Curiosamente, a maioria das pessoas que me faz a tal pergunta deseja publicar obras em áreas sobre as quais eu não entendo patavina: um guia sobre educação financeira para crianças, um livro sobre como organizar as gavetas e prateleiras, um manual de costura inspirado nas lições de uma sábia avó, um compêndio sobre alimentação saudável. Acho que não pediriam conselhos se vissem minha conta bancária, meu armário caótico, minha inabilidade com uma agulha ou meu carrinho de supermercado.
Seja como for, eu fico constrangido em desapontá-los. Afinal, geralmente são amigos, alunos, vizinhos, gente bacana; quase nunca é alguém que me achou aleatoriamente no Google ou no LinkedIn.
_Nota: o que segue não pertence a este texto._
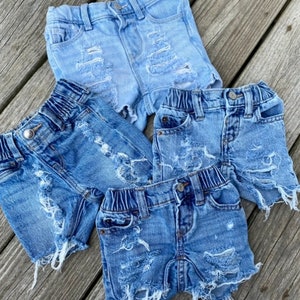 May include: Three pairs of light blue denim shorts with distressed detailing and frayed edges.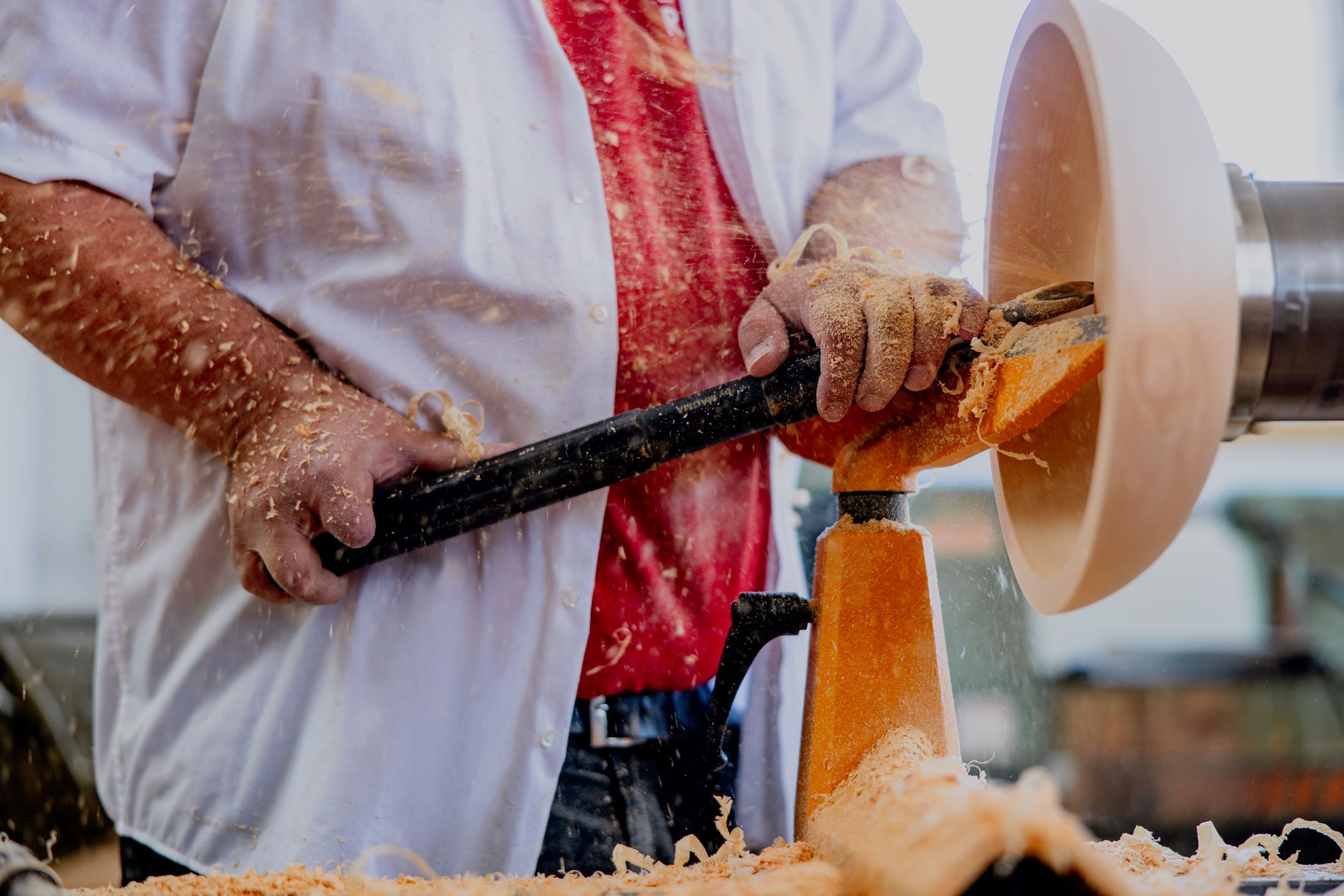 Person turning wood on a wood lathe.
Então dou um jeito de elencar algumas dicas com base em minha vivência na literatura infantojuvenil, misturada com a experiência de crescer como filho de livreira e editora, e ainda algumas pitadas de bom senso, o que nunca é demais.
Dou dicas do tipo:
* passe algumas horas numa boa livraria e veja quais são as editoras que têm publicado manuais de costura inspirados em avós sábias ou guias de finanças variados. É para essas editoras, de preferência, que você deve enviar seu material;
* veja se já existe algum livro parecido com o que você está pensando em publicar. Em caso positivo, tente mudar um pouco o seu foco, tornando-o mais específico ou mais geral;
* revise seu texto com a borracha na mão (ou sem medo da tecla “delete”) e tente cortar 10% do que escreveu. É mais ou menos isso que o Stephen King recomenda em seu ótimo Sobre a escrita, e, mesmo que ele esteja falando de literatura de terror, acredito que o conselho vale para qualquer livro;
* não desanime se a primeira editora recusar seu texto. Lembre que J. K. Rowling viu seis editoras devolverem os originais de Harry Potter. Os Beatles levaram quatro ou cinco portas na cara antes de gravarem seu primeiro disco. Costumo acrescentar, brincando, que a bíblia também foi rejeitada por três igrejas antes de ser aceita pela igreja católica, mas parei de dizer isso porque, para meu espanto, muita gente levava a sério.
Aliás, acho que a dica mais importante é esta: se você realmente quer publicar seu livro, não desanime com as primeiras críticas ou rejeições. Pelo contrário: aproveite para ver o que realmente pode e precisa ser melhorado. E tente de novo. Afinal de contas, publicar um livro é uma daquelas coisas míticas – como ter um filho e plantar uma árvore – que muita gente acha que precisa fazer antes de morrer. Claro que também dá para ter um livro depois de morrer, mas até hoje ninguém me sondou sobre como publicar um livro póstumo.
Imagem: Este é um dos cadernos que James Joyce utilizou para escrever o seu Ulisses. O livro foi recusado pela Hogarth Press, editora do casal Leonard e Virginia Woolf. A respeito do livro, a escritora anotou no seu diário: “Terminei o Ulisses e acho que ele falhou. Gênio eu acho que ele tem; porém é de um nível inferior”.